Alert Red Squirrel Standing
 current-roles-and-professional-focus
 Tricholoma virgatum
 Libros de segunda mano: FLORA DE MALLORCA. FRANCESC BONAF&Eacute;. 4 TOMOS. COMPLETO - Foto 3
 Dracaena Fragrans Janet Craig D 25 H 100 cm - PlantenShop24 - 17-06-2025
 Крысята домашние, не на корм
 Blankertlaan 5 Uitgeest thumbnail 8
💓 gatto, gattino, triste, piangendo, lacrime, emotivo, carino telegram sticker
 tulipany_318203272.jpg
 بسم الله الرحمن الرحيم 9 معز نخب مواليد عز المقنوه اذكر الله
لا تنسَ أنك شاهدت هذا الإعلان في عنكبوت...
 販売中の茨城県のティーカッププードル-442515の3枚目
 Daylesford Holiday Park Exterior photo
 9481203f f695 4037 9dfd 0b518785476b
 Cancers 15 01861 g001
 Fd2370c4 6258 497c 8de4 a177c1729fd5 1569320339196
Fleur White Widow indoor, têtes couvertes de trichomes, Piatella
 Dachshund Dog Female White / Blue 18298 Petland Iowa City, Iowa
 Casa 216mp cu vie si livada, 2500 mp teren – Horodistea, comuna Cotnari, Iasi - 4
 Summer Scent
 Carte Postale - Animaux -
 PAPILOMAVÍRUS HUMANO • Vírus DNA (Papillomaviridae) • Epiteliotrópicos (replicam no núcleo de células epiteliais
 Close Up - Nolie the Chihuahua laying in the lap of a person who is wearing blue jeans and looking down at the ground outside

-------

Go through the entries above and report every line in which the word "White" appears.

» The answer:
Fleur White Widow indoor, têtes couvertes de trichomes, Piatella
 Dachshund Dog Female White / Blue 18298 Petland Iowa City, Iowa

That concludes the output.